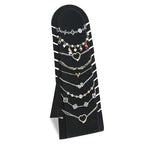 MOOCA 2 Pcs Set Bracelet Necklace Chain Display Pad with 12 Slots, Jewelry Organizer Display with Easel Stand for Chains, 4.5W x 4.9D x 12.2H in, Black Velvet - color: Black,12 Slots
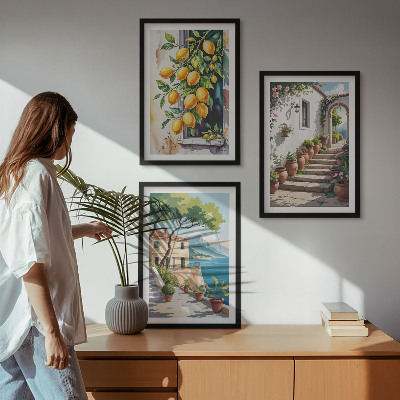 Sada nástenných dekorácií Citróny, kvety, výhľad na more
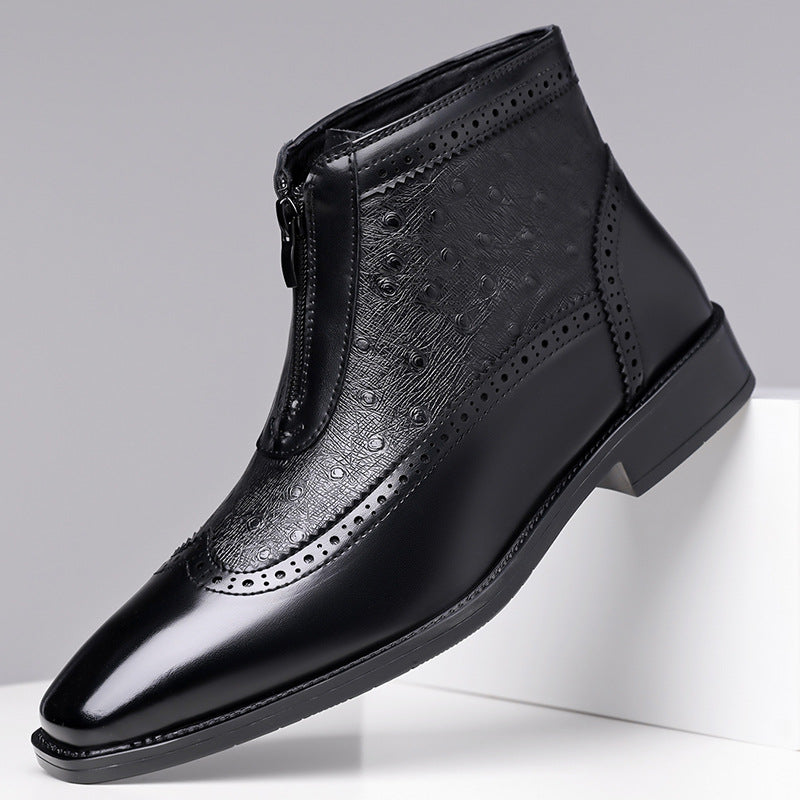 Butler - Ankle Boots Front Zip Square Toe
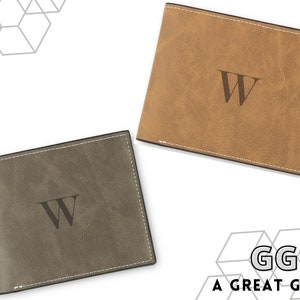 Cartera personalizada inicial audaz - Cuero sintético - Día del Padre - Regalo de novio - Regalos para papá - Cartera de hombre - Cartera inicial personalizada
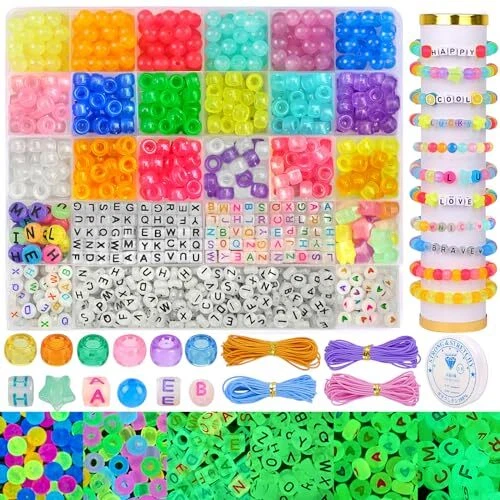 DULEFUN Glow Beads Bracelet Making Kit Glow in The Dark Pony Beads Letter Bea...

= = = = =

- [WHAT IS EXPECTED]:
Repeat each line above exactly. The pictures stay out.

- [YOUR SOLUTION]:
 MOOCA 2 Pcs Set Bracelet Necklace Chain Display Pad with 12 Slots, Jewelry Organizer Display with Easel Stand for Chains, 4.5W x 4.9D x 12.2H in, Black Velvet - color: Black,12 Slots
 Sada nástenných dekorácií Citróny, kvety, výhľad na more
 Butler - Ankle Boots Front Zip Square Toe
 Cartera personalizada inicial audaz - Cuero sintético - Día del Padre - Regalo de novio - Regalos para papá - Cartera de hombre - Cartera inicial personalizada
 DULEFUN Glow Beads Bracelet Making Kit Glow in The Dark Pony Beads Letter Bea...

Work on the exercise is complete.